• Problem to solve:
For this exercise, reproduce the entries below exactly, but only from the line containing "Yonca Figürlü Cam" through the line containing "Ted Baker Chantri White Woven Front Printed Cardigan 11", both included.

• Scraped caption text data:

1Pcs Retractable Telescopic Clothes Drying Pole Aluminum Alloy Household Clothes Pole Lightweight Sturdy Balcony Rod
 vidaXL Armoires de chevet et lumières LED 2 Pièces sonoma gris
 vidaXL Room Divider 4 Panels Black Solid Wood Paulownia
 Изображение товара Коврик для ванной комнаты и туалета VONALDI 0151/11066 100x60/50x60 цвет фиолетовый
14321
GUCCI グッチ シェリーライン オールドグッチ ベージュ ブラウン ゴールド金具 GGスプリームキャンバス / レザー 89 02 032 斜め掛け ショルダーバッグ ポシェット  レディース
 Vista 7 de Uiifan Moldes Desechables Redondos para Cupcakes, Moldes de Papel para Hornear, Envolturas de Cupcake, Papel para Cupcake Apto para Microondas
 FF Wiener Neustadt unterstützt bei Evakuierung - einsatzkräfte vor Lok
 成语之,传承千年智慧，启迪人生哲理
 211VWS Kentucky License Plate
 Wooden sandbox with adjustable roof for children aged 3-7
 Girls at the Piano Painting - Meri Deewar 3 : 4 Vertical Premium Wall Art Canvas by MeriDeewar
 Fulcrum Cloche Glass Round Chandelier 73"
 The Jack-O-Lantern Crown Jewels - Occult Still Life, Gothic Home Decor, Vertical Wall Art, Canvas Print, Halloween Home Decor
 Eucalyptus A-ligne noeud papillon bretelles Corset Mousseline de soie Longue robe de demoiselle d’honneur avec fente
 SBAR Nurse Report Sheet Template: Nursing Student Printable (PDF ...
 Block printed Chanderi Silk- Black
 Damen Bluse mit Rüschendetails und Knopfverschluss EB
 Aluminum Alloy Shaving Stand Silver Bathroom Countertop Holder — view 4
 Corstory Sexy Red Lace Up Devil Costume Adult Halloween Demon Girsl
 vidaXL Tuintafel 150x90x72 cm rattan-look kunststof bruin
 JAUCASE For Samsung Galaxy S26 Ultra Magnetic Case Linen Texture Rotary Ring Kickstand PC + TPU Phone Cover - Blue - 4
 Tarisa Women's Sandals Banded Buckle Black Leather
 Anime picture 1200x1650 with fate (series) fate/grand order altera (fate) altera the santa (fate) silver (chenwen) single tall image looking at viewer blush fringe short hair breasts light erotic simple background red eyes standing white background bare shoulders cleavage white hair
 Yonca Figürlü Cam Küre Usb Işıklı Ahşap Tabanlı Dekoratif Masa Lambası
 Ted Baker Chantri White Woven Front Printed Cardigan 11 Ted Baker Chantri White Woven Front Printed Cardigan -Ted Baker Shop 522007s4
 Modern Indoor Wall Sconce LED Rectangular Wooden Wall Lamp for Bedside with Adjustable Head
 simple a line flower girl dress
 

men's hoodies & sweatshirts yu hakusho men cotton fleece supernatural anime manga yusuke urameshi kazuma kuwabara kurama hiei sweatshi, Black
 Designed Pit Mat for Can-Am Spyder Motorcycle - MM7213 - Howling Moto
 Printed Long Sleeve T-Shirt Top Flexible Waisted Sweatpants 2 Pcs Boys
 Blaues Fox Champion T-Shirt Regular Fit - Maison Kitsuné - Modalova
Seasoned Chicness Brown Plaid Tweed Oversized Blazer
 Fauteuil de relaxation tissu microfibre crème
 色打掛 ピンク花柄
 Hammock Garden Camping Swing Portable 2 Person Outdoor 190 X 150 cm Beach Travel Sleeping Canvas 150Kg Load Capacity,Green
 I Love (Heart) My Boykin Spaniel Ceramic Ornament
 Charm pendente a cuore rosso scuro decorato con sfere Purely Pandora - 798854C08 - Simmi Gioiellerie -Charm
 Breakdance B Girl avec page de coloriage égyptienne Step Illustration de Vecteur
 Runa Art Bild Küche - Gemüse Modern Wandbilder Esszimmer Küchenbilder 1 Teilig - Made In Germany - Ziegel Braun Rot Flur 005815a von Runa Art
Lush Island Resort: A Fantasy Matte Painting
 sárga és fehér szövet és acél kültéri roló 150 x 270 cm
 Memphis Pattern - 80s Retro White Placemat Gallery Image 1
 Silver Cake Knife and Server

• Solved exercise:
 Yonca Figürlü Cam Küre Usb Işıklı Ahşap Tabanlı Dekoratif Masa Lambası
 Ted Baker Chantri White Woven Front Printed Cardigan 11 Ted Baker Chantri White Woven Front Printed Cardigan -Ted Baker Shop 522007s4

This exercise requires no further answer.